Under Code Sec. 6033(a), most tax-exempt organizations, other than churches, must file with IRS an annual Form 990, Form 990-EZ (Short Form Return or Organization Exempt From Income Tax), or Form 990-PF (Return of Private Foundation or Section 4947(a)(1) Nonexempt Charitable Trust Treated as a Private Foundation), or submit a Form 990-N (Electronic Notification (e-Postcard) for Tax-Exempt Organizations Not Required to File Form 990 or 990-EZ). Beginning in 2010, most organizations with gross receipts less than $200,000 and assets less than $500,000 may file either Form 990 or Form 990-EZ. Under the discretionary exemption in Code Sec. 6033(a)(3)(B), IRS provides that exempt organizations whose annual gross receipts aren't normally in excess of a specified amount file the simplified Form 990-N. For tax years beginning on or after Jan. 1, 2010, IRS allows an exempt organization (other than a private foundation or Code Sec. 509(a)(3) supporting organization) whose annual gross receipts aren't normally in excess of $50,000 to electronically file the simpler Form 990-N.
New guidance. In the FAQs, IRS clarifies and explains a number of issues arising in Part VI of Form 990, including the following:
... All organizations required to file Form 990 are required to answer the questions in Part VI. (FAQ 1)
... The instructions to the Part VI questions generally state the specific time or period to be used in answering a particular question. However, if an organization adopted a certain policy after the specified time period but before it filed its return, it may describe this in Schedule O. For questions that don't specify a relevant time period, the organization may take into account practices undertaken after the close of the tax year. (FAQ 3)

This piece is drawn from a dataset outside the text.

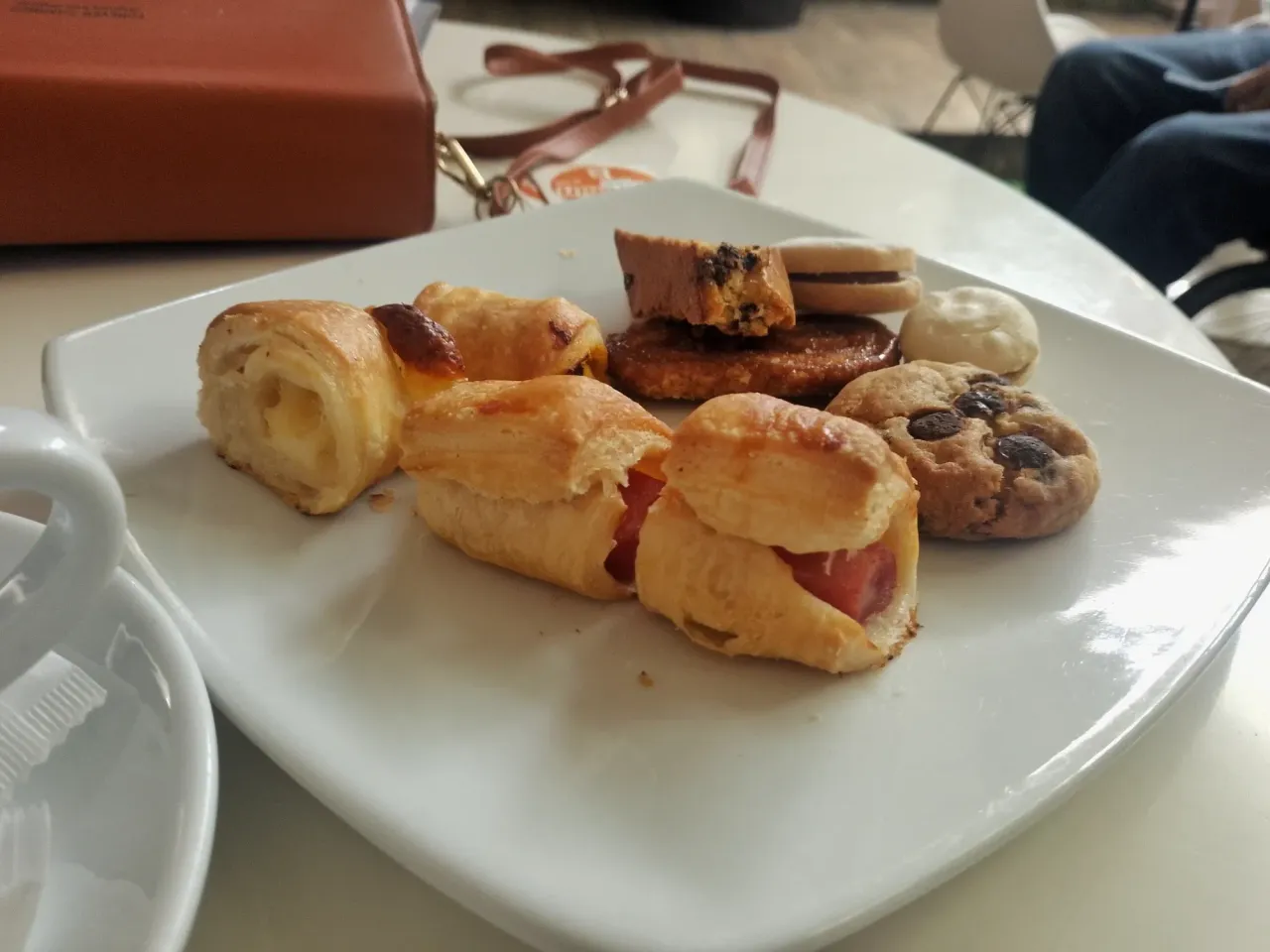 yC9WHxyajQ5L0DF1_1000518590-01.webp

... If a committee of the organization's board rather than the board itself adopted a certain policy, and was authorized to do so, then the organization may answer affirmatively any questions regarding whether the policy was in fact adopted by the end of the tax year. (FAQ 4)
... In determining the number of independent voting members of the governing body, an organization is to apply the three-part definition of “independent” contained in the instructions to this question. (FAQ 7)
... In answering Questions 1 and 2 of Part VI, Form 990 (regarding independent directors and businesses and family relationships among Board members, officers, and key employees), an organization is expected to engage in a “reasonable effort” to obtain the necessary information, such as an annual questionnaire. (FAQ 8)
... IRS has no plans to provide model or sample policies that organizations could adopt in order to affirmatively answer questions in Part VI. IRS emphasized that whether an organization adopts such policies is a decision to be made by each individual organization, considering its own particular facts and circumstances. (FAQ 9)
... In general, the filing organization isn't required to provide governance information regarding its related organizations, such as a for-profit subsidiary or brother-sister exempt organization. However, different rules apply in the case of a group return. (FAQ 10)
... If the filing organization is controlled by an organization that has a conflict of interest policy, whistleblower policy, and document retention and destruction policy, this is an insufficient basis for the filing organization to state that it has these policies itself. An organization should only answer these questions affirmatively if it has adopted these policies. (FAQ 11)
References: For tax-exempt organization's annual return Form 990, see FTC 2d/FIN ¶S-2801; United States Tax Reporter ¶60,334; TaxDesk ¶688,001; TG ¶60703.